Gömleksiz siyaset
Hikâye bu ya;
Adamın birisi, bir gün, durup dururken kör olmuş. Çaresiz bir şekilde doktor doktor dolaşmaya başlamış. Ancak gittiği tüm doktorlar adamın neden kör olduğunu “Gözlerinde bir hastalık yok ama görmüyorsun, biz senin durumundan bir şey anlayamadık ” diyerek cevap verip adamı tedavi edememişler…
Doktorlardan umudunu kesen adam, derdine çare aramak için dünyayı dolaşmaya başlamış…
Gittiği bir dergâhta kör adama; “bak efendi, sen bu derdinden kurtulmak istersen, hayatta hiçbir derdi olmayan bir adam bulacaksın, onun üzerindeki gömleği gözlerini süreceksin, böylece gözlerin tekrar görmeye başlayacak” denmiş.

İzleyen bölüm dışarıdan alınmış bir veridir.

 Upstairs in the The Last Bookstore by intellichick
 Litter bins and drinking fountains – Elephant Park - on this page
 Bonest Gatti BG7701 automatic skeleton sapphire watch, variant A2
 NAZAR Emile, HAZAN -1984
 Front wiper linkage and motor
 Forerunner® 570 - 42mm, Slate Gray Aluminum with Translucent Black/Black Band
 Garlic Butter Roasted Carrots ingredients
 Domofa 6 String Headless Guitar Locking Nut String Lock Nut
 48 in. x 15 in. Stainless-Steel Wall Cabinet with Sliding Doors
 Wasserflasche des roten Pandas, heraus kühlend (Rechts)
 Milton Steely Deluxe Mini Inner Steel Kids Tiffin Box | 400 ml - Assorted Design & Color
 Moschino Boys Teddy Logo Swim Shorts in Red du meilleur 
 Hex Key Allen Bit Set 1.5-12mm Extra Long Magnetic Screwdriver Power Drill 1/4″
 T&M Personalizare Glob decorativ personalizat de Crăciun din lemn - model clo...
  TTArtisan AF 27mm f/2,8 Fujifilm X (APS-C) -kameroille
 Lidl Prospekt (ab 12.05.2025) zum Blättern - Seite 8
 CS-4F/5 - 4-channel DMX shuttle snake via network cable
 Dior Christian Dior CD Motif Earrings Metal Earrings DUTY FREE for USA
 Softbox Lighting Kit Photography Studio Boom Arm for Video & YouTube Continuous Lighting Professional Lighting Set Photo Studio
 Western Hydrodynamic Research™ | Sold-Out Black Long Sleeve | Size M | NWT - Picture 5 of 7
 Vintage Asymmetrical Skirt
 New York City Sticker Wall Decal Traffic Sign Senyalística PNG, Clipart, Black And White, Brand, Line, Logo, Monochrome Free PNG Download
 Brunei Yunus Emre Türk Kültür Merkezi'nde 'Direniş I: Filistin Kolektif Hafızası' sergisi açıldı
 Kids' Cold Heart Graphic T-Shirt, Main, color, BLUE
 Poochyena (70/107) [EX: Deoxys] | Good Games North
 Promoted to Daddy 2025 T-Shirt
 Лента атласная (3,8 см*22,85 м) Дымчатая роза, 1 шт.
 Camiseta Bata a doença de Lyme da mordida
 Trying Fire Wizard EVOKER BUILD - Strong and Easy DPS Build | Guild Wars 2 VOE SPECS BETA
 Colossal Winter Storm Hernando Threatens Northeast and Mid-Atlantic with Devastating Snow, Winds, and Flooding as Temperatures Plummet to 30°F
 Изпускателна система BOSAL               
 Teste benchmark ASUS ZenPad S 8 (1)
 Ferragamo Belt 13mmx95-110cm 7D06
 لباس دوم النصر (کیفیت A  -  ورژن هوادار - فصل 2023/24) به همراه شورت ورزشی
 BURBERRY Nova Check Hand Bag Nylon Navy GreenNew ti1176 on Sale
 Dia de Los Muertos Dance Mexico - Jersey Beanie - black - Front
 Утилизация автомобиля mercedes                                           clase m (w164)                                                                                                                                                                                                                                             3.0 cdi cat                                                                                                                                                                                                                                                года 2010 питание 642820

Bu söz üzerine adam yine yollara düşüp koca dünyada dertsiz birini aramış durmuş…
Günün birinde, bir dağda bir çoban olduğunu ve onunda hiçbir derdinin olmadığını öğrenmiş. Ve hemen söylenen o dağa doğru yol almış. Denildiği gibi dağda çobanı bulmuş, derdini anlatmış, demiş ki: Eey çoban; duydum ki senin bu dünyada hiçbir derdin yokmuş, doğru mu? Çoban mahçup bir sesle ‘yoktur’ diyerek yanıtlamış adamı. ‘Allah’a şükür benim hiçbir derdim yoktur.’ Kör adam sevincinden ne yapacağını şaşırmış, onca zamandır beklediği an gelmiş çatmış, gözlerinin görmesine artık çok az bir zaman kalmış. Kör adam konuşmasına devam etmiş: Çobanım, canım çobanım, gömleğini hele bir çıkarda, çıkarda gömleğini gözlerime süreyim, gözlerime süreyim ki bende görebileyim. Çoban cevap vermiş; iyi ama benim gömleğim yok ki!
Çoban dertsiz olmasına dertsizmiş ama bir gömleği de yokmuş…
Şimdi gelelim esas meseleye.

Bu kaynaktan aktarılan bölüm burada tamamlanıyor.